Infatti secondo quello che insegnano i Dottori, i patimenti del Purgatorio non solo son riservati a quasi tutte le creature umane, ma per la loro intensità nep­pure sono da paragonarsi ai patimenti della vita pre­sente. Secondo S. Tommaso, il quale del resto non fa che riferire l’unanime insegnamento dei Padri, le pene del Purgatorio in nulla differiscono dalle pene dell’In­ferno, eccetto che nella durata. Altrettanto asseriscono i mistici. Ecco quel che leggiamo in S. Caterina da Genova :

« Le anime purganti provano un tal tormento, che lingua umana non può riferire, né alcuna intelligenza darne la più piccola nozione, a meno che Iddio non lo facesse conoscere per grazia speciale (Tratt. del Purg., cap. 2). « V’i è nel Purgatorio, come nell’Inferno, doppia pe­na, quella del danno, che consiste nella privazione di Dio, e quella del senso.
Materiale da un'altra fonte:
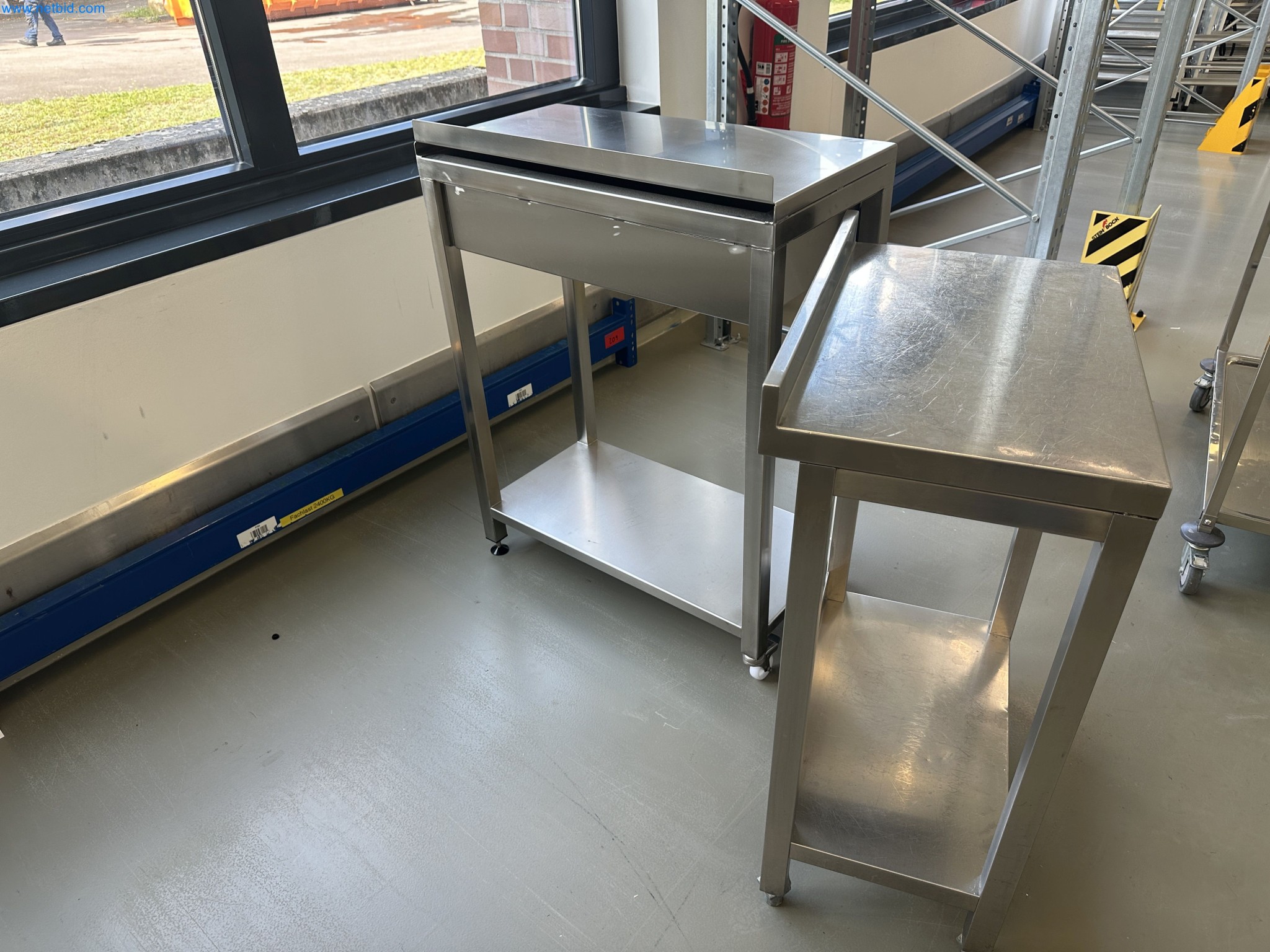 Pharmaceutical Production and Packaging Equipment / Laboratory and Plant Equipment-2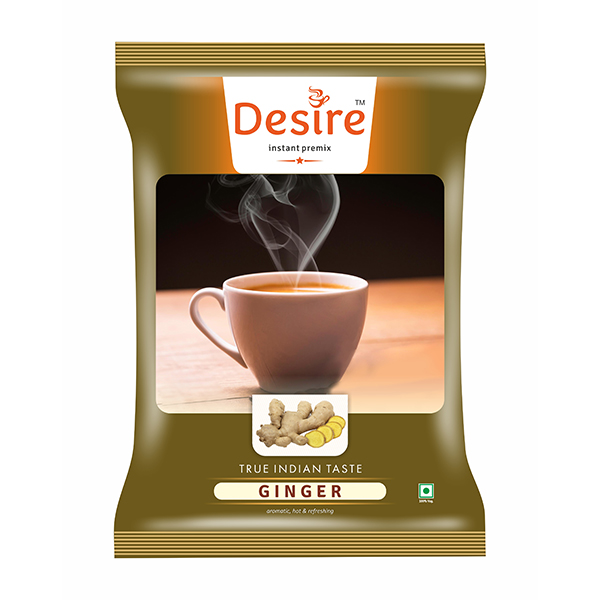 Desire Food and Beverages LLP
La pena del danno è senza paragone più grande, ed è tanto più intensa in quan-tochè quelle anime vivendo nell’amicizia di Dio, sen­tono più forte il bisogno di unirsi a lui » (Id.).

La Chiesa non si è mai pronunziata sulla natura della pena del senso. Nel Concilio di Firenze fu lungamente dibattuta anche questa questione fra i Greci e i Latini, ma per non porre ostacolo alla desiderata unione delle due Chiese, nulla venne deciso. Però sic­come tutti i teologi insegnano che questa pena è quella del fuoco, come pei dannati, sarebbe temerità allon­tanarsi da tale opinione. Secondo S. Gregorio Magno, S. Agostino e S. Tommaso, questo fuoco è sostan­zialmente uguale a quello dell’Inferno: la differenza consiste solo nella durata.